# Information:

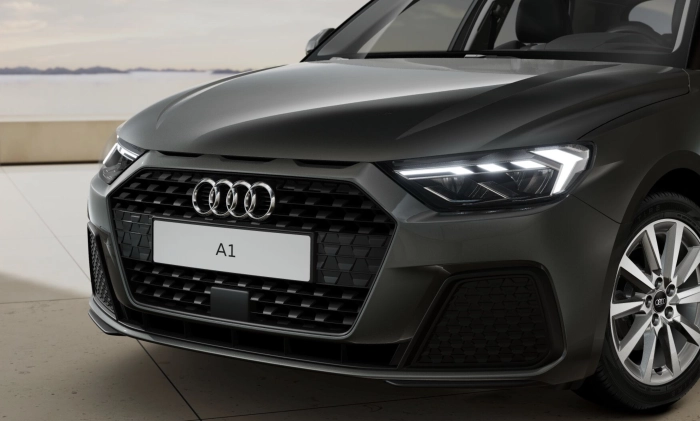 Audi A1 GBACPG-26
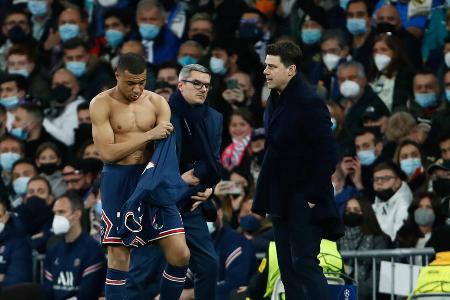 Auch unter Mauricio Pochettino erfüllten sich die Pariser Träume vom Titel in der Champions League nicht. Die Zeit des Argentiniers bei PSG läuft zum Saisonende wohl ab. Dass Tuchel zu seinem Ex-Klub zurückkehrt, ist aber ausgeschlossen.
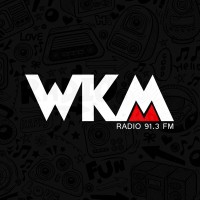 WKM Radio Logo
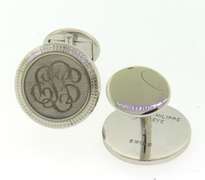 Trendy Patek Philippe Calatrava 18kt Cufflinks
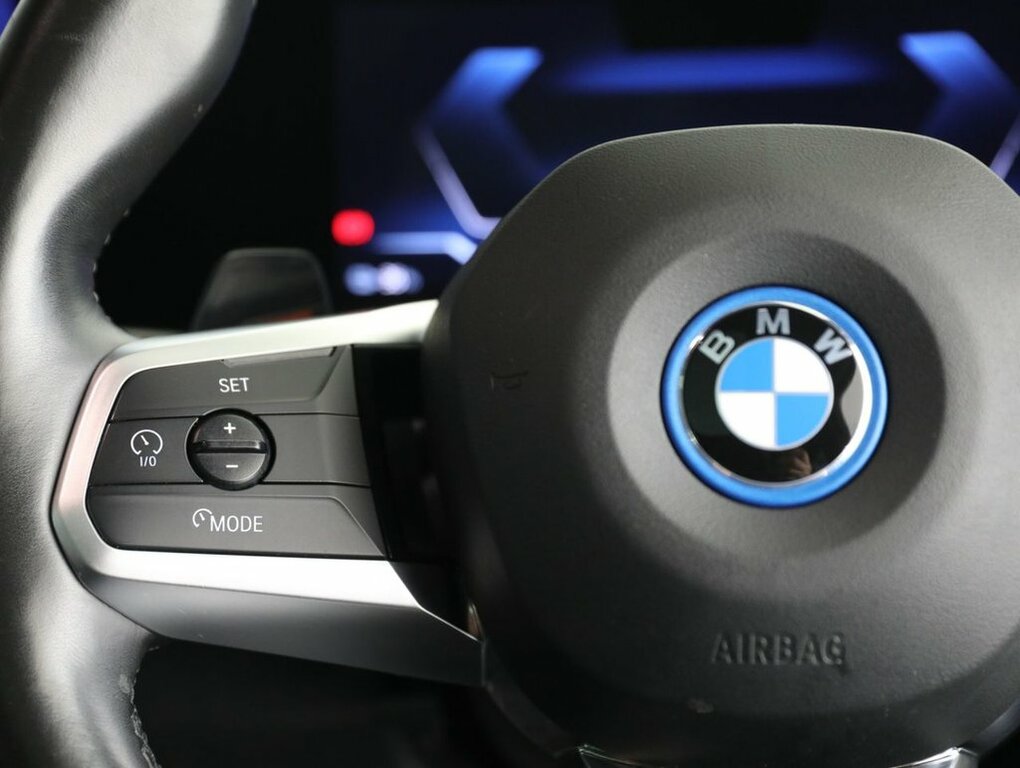 BMW iX2 Ix2 Edrive20 M Sport Blue #21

# Aim of the exercise:
No pictures belong in the copy. Retype exactly, and only, the lines from the line containing "Trendy Patek Philippe" through the last line of the data, both included.

# Written response:
 Trendy Patek Philippe Calatrava 18kt Cufflinks
 BMW iX2 Ix2 Edrive20 M Sport Blue #21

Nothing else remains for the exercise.